My name is Micah Bergen, and I would like to take a *brief* moment to introduce myself.
I was home-schooled from kindergarten until my Sophomore year of High school. I then took my GED and a year later began my studies at Missouri Southern State University, where I received a BSE in Middle School Mathematics Education. Being home-schooled was a great experience for me, in which I was able to learn at my own pace and gain a valuable life skill--being able to teach myself from a book. MSSU gave me a great foundation in teaching, and is also where I met my beautiful wife.
My wife, Kelsi, and I met at University and were married the year before I graduated. I am still in shock that she agreed to marry me, and I love her more and more every day--she is the perfect woman for me. Upon my graduation, we moved to Cambodia (in 2012) and spent the next four years working as teachers (mostly Bible and English) alongside non-profit organizations (three years with a children's home and one year at a center for trafficked, young women).
During this time, we met our two daughters (Abby and Lily-- in fall 2012) and completed adoptions and visa paper work (in 2016).

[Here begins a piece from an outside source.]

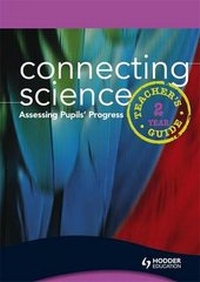 Enlarge image Cover: Connecting Science KS3 in 2 Years: Teacher's Guide - Hodder Education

We also made the decision to expand our family and had Melody (in 2014)--my girls are what makes my life interesting, and I love them more than I could ever have imagined loving anyone.
After completing the proper paperwork, we returned to Missouri, and we now live in Ballard--I love living here.
For the last two years, I have taught at Montrose R-14. I enjoyed my time there and learned a lot about teaching in the United States.
I am very excited to be a part of the Ballard community, and I look forward to growing as a teacher and developing a great relationship with the students of Ballard RII. If you have any questions for me, feel free to ask.
I will leave you with a math quote:
"Obvious is the most dangerous word in mathematics."
E. T. Bell
I will attempt, during my time at Ballard, to offer the tools necessary for all my students to succeed--in a way that understands math is sometimes like magic and is most certainly not "simple" or "obvious" to everyone.